A Touchscreen Mac Could Be More of a Hassle Than a Convenience

Apple has its reasons

Key Takeaways

  • Touchscreen laptops are common—but not in Apple’s world.
  • macOS and iOS have fundamentally different interfaces, built around their input methods.
  • Touch just isn’t that easy to use on a laptop.
woman pointing at MacBook Pro while using a wireless mouse

Marek Levák / Unsplash

The MacBook Pro might have been Apple’s best opportunity yet to put a touchscreen on a Mac, and yet it didn’t.

Chromebooks, Surface laptops, Windows laptops—it’s hard to find a laptop these days that doesn’t have a touchscreen, unless it’s a Mac. Apple’s line on this has been that if you want a touchscreen computer, you should buy an iPad, and that the Mac just isn’t suited for touch. But Apple also said nobody wanted to watch movies on an iPod, and that stylus input was suboptimal. Then we got the iPod Video and the Apple Pencil. But when it comes to touchscreen Macs, there are good reasons why we really will never see one.

"As a software engineer, I think the main reason the Mac doesn't have a touch screen feature is that it will make using it inconvenient," software engineer Michael Peres told Lifewire via email. "If it has a touchscreen, your hands will be working against gravity most of the time. This can lead to a muscle strain in the hands and arms that might even lead to a more serious concern."

Gorilla Arm

The main argument against touch in a laptop is that it’s plain uncomfortable to use. Touching the screen of a phone or a handheld tablet is easy, because it’s right there. But a laptop screen forces you to reach up and hold your whole arm in the air. It’s fine for a quick tap, but not for extended use. There’s even a name for the pain you get when you try: gorilla arm.

Another reason is that touch and mouse input require very different user interface designs. The mouse is accurate down to the pixel, whereas a finger is a blunt sausage. That’s why the tap targets on the iPad are so big. If you ever tried to use a remote-desktop app on your iPad, to control your Mac, you’ll know how hard it is to tap those tiny mouse targets with a fingertip.

"I think the main reason the Mac doesn't have a touch screen feature is that it will make using it inconvenient."

The iPad can handle mouse input, but the Mac cannot handle finger input. At least, not without a major interface redesign that would compromise the experience for mouse and trackpad users. 

John Ternus, Apple’s senior vice president of hardware engineering, told The Wall Street Journal’s Joanna Stern that the iPad was built from scratch to be a touch-first device, whereas the Mac is optimized for "indirect input."

Even if Apple updated its Mac apps to work better with touch, you’d still have to deal with third-party apps. It could get very messy.

Technical Issues

Aside from the human and UI barriers, there are technical reasons not to put touch in a laptop. One is size. Those MacBook lids are thin. Really thin. Much thinner than an iPad or an iPhone. That’s one reason why we don’t have Face ID in a MacBook yet—it just wouldn’t fit.

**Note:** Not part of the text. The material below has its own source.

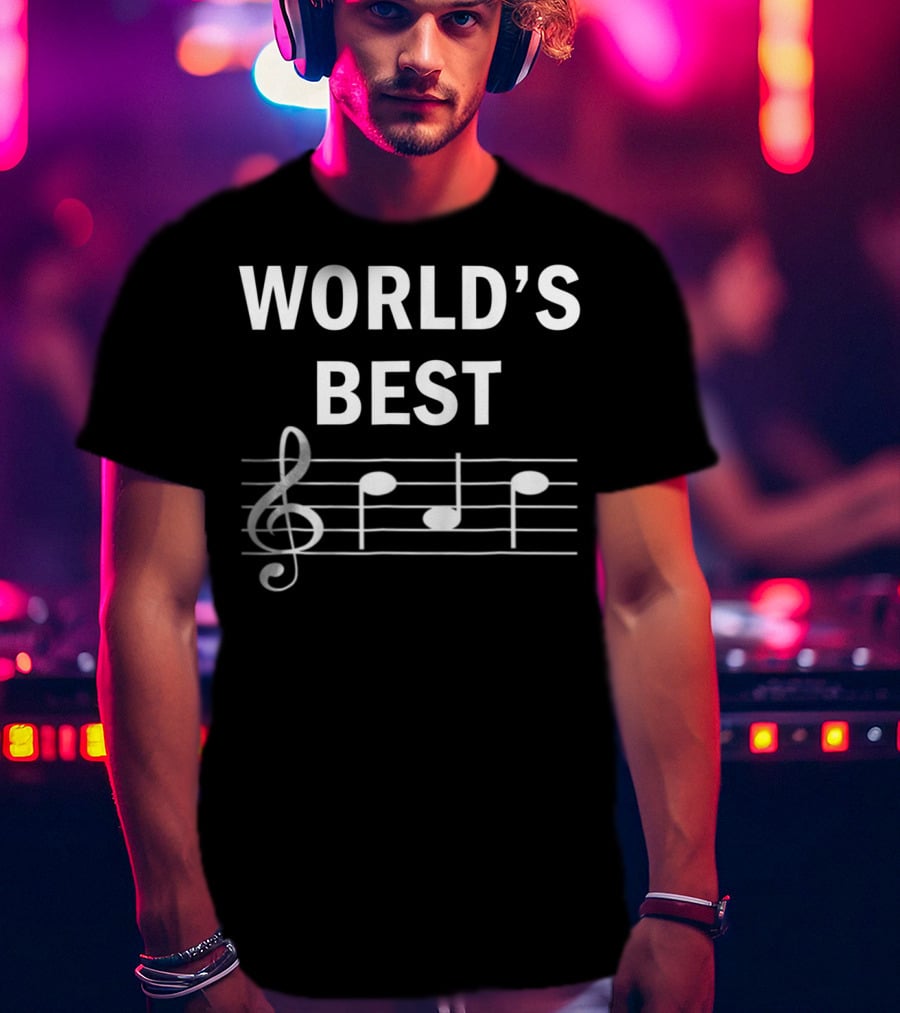 World's Best Dad Ever Treble Clef Musician T-Shirt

person about to tap a tablet screen with their finger

Timothy Muza / Unsplash

Obviously, it’s possible to fit the touch layer inside the lid—other manufacturers manage it just fine—but it seems Apple has decided to spend the "thickness budget" of its MacBook lids in other ways. In the new MacBook Pros, for example, that budget goes to the micro-LED display.

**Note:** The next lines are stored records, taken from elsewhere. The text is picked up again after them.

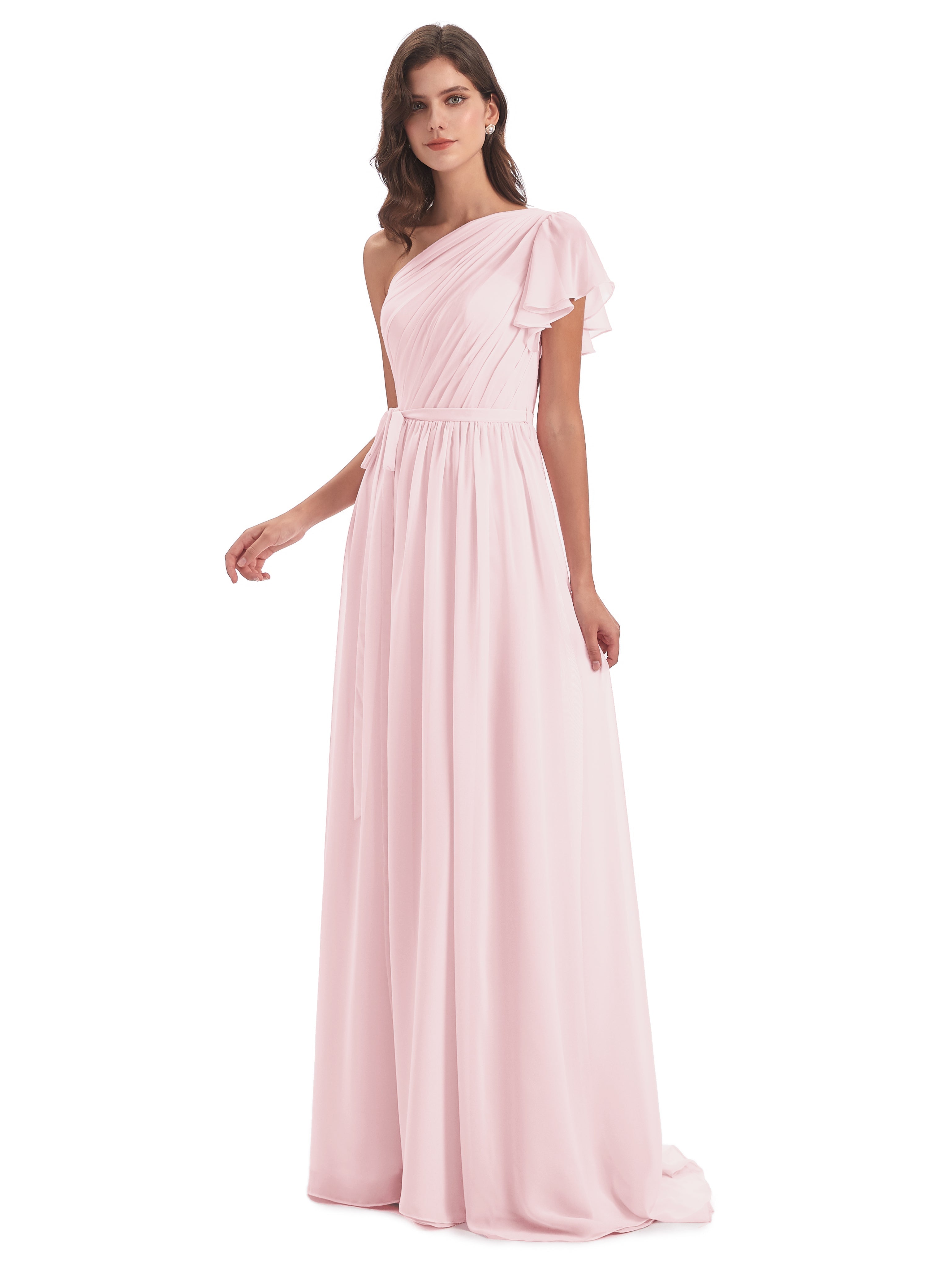 Robes Demoiselle D Honneur Rose Pale Balayage/Pinceau Traîne Seule-Épaule Robes Demoiselle D'Honneur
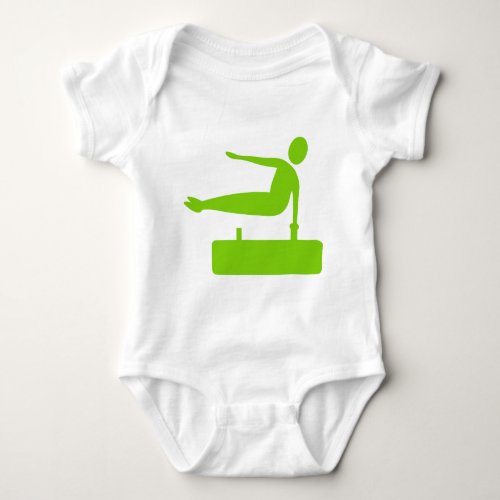 Vaulting Figure _ Martian Green Baby Bodysuit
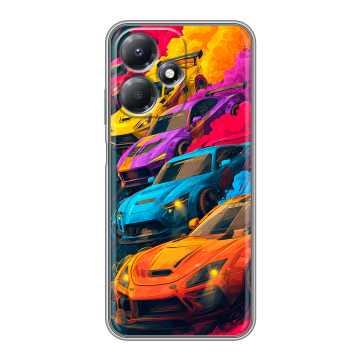 Силиконовый чехол на Infinix Hot 30 Play с принтом Тачки
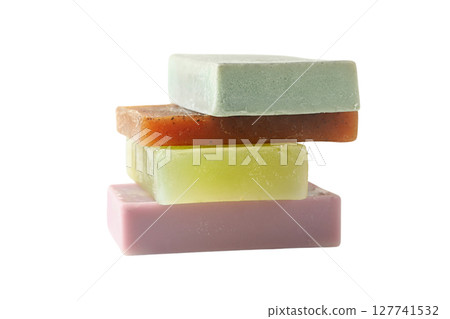 Vibrant, textured soap bars for cleansing, isolated on white, PNG Vibrant, textured soap bars for cleansing, isolated on white, PNG 127741532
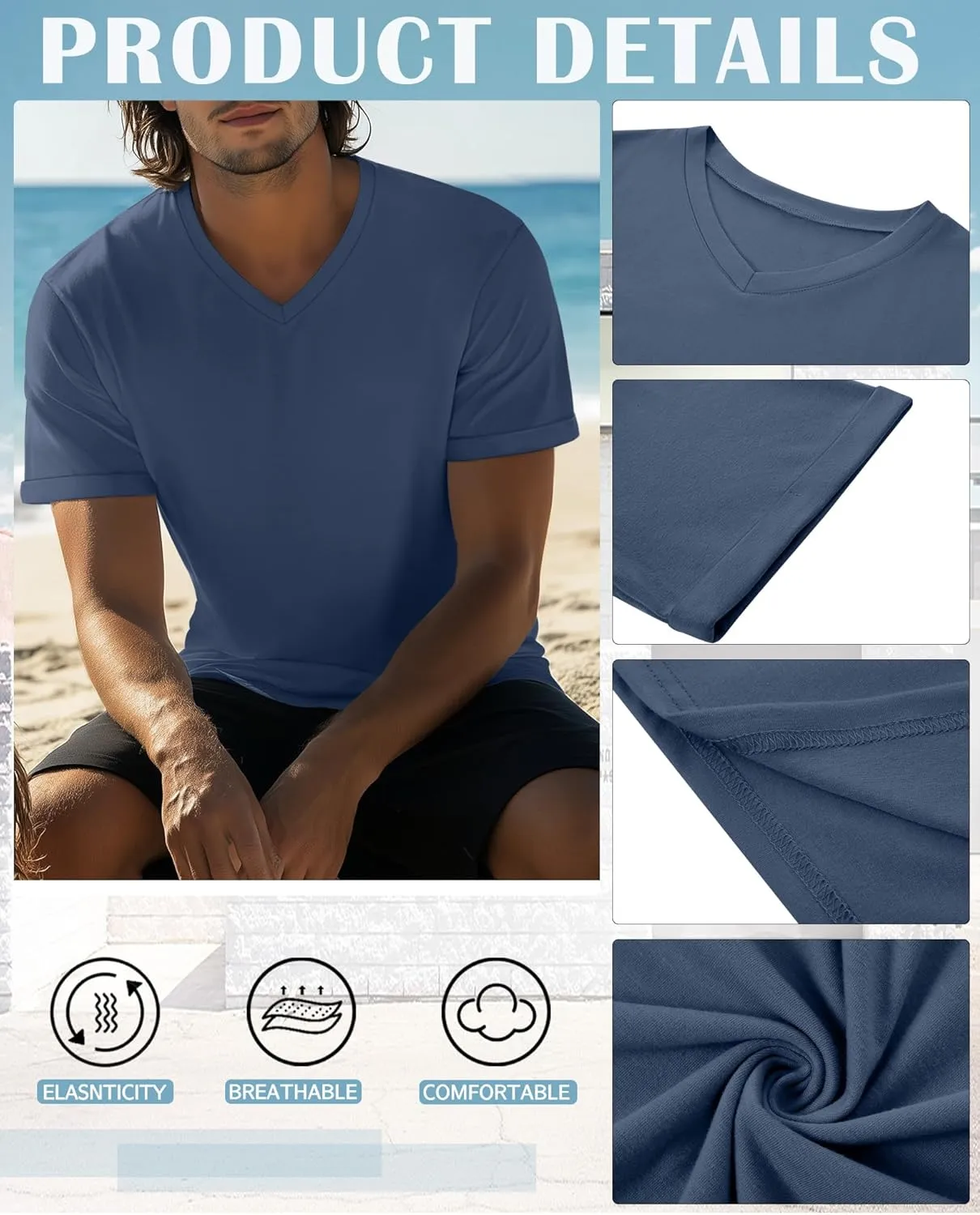 3 Pack Big and Tall Cotton T-Shirts for Men, Short Sleeve V Neck Oversized Tops Casual Summer Basic Plus Size Tees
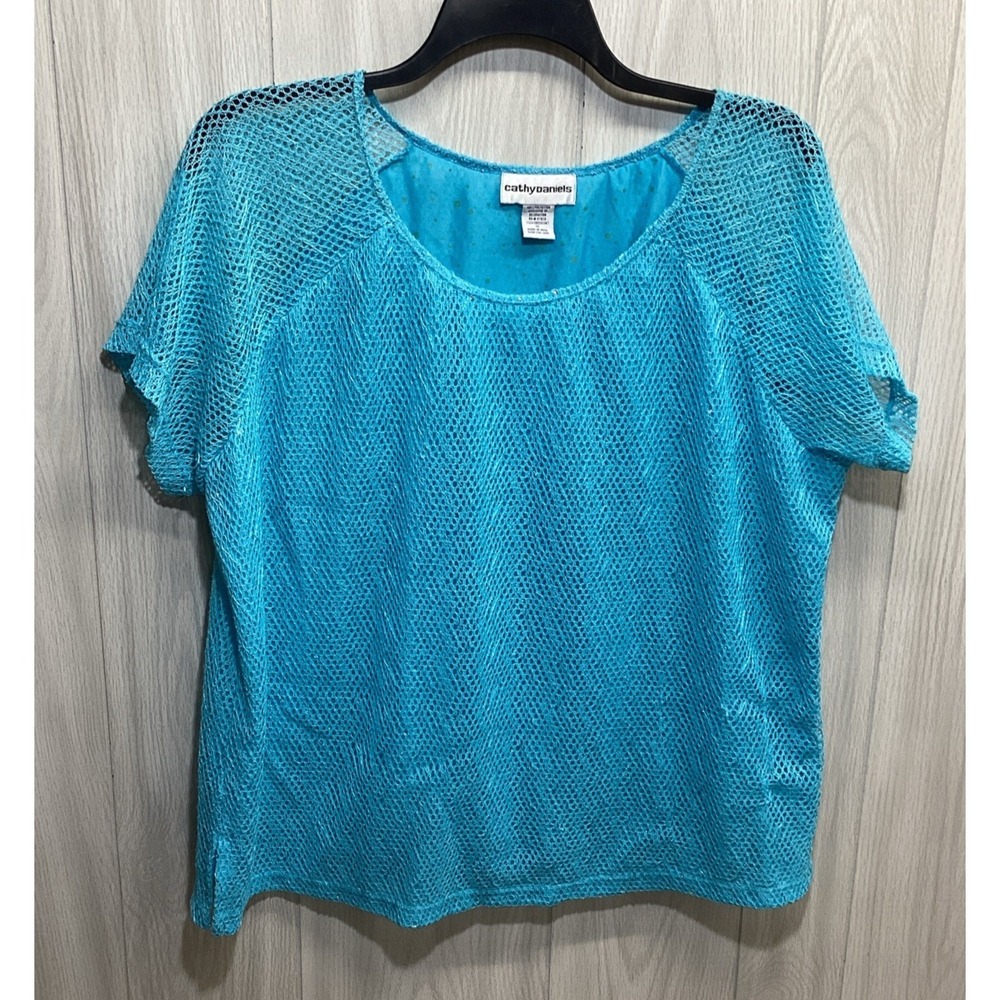 CATHY DANIELS Women's‎ (Size 1X) Short Sleeve Round Neck Textured Lined Shirt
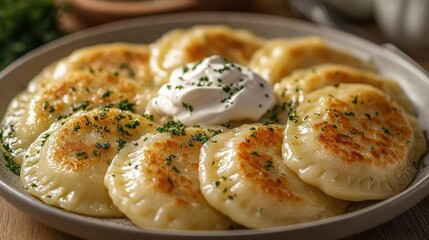 Polish pierogi dumplings with sour cream on a white background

And to make the screen truly useful, it might have to fold around the back of the MacBook’s lower shell.

The Pros and Cons

There are some great counter arguments for adding touch. One is that you don’t need to interact fully with the UI via touch. Sometimes you might just want to tap something, or to scroll through a web page. But anyone who has followed Apple for more than five minutes knows that it doesn’t do this kind of half-baked design.

"If it has a touchscreen, your hands will be working against gravity most of the time."

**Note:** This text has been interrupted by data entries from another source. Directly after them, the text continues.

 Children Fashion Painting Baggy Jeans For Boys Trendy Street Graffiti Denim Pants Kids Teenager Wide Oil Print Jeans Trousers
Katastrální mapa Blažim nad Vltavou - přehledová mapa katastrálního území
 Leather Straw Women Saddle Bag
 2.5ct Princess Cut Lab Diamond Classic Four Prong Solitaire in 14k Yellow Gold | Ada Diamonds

Another is that we already can run iPad and iPhone apps on the Mac, and these really do work better with touch. Especially apps that require multitouch gestures, which are impossible with a mouse, and absurdly tricky with a trackpad.

For someone who uses and loves both the Mac and the iPad, a hybrid device is tempting. Imagine flipping the screen around the back of your MacBook Air and using it like an iPad, with actual iPad apps. That’s the dream, but in this case, it really does seem like Apple doesn’t want to make a touchscreen Mac.